Hugues Dayez à Cannes : "Everybody knows" d'Asghar Farhadi ouvre la compétition

Javier Bardem et Penelope Cruz à la première de "Everybody Knows"
4 images
Javier Bardem et Penelope Cruz à la première de "Everybody Knows" - © LOIC VENANCE - AFP

En 2013, son film "Le passé" permettait à Bérénice Béjo de remporter le prix d’interprétation féminine à Cannes. En 2016, de retour en compétition, le cinéaste iranien Asghar Farhadi décrochait le Prix du Scénario pour "Le Client". Hier soir, pour le gala d’ouverture, il présentait son premier film tourné en Espagne, "Todos lo saben" (" Everybody knows ") avec Penelope Cruz et Javier Bardem.
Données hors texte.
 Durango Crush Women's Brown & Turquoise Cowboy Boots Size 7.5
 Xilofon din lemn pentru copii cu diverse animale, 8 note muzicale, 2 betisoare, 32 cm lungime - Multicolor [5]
Laura (Penelope Cruz), qui a épousé un Argentin (Ricardo Darin) et s’est installée de l’autre côté de l’Atlantique, revient en Espagne avec ses deux enfants dans son village natal, pour participer au mariage de sa sœur. La joie des retrouvailles avec sa famille et l’ambiance de la fête sont rapidement ternies par un évènement angoissant : la fille aînée de Laura est kidnappée à la faveur d’une coupure d’électricité et ses ravisseurs réclament une rançon de 300.000 euros. Alors que son mari est resté en Argentine, Laura se tourne vers Paco (Javier Bardem), son ancien amoureux devenu propriétaire d’une belle exploitation viticole qui suscite les jalousies de sa famille. Paco va prendre l’affaire très à cœur, trop pour certains…

Auteur de ses scénarios, Asghar Farhadi explore dans tous ses films une même obsession : comment le cercle familial parvient à résister ou non à la pression d’évènements extérieurs qui menacent son équilibre. Le fait que dans "Todos lo saben", il troque la culture iranienne pour celle de la campagne espagnole, ne modifie pas fondamentalement son cinéma. On sent très vite que l’enquête policière autour du rapt ne l’intéresse guère ; ce qui le passionne, c’est de tenter une radioscopie des rancœurs familiales qui remontent à la surface à cause du drame. Mais on a connu Farhadi plus subtil : ici, il utilise dans son intrigue quelques ficelles mélodramatiques assez artificielles et convenues. Et il délaisse tellement la dimension policière de son récit qu’il finit par laisser passer quelques invraisemblances. Dans le rôle de la mère pleureuse, Penelope Cruz joue consciencieusement une partition monochrome, tandis que Javier Bardem tente d’incarner avec cohérence un personnage dont l’évolution psychologique est un peu hâtive. Sans être un mauvais film, "Todos lo saben" n’est vraiment pas ce que Farhadi a fait de mieux dans sa carrière.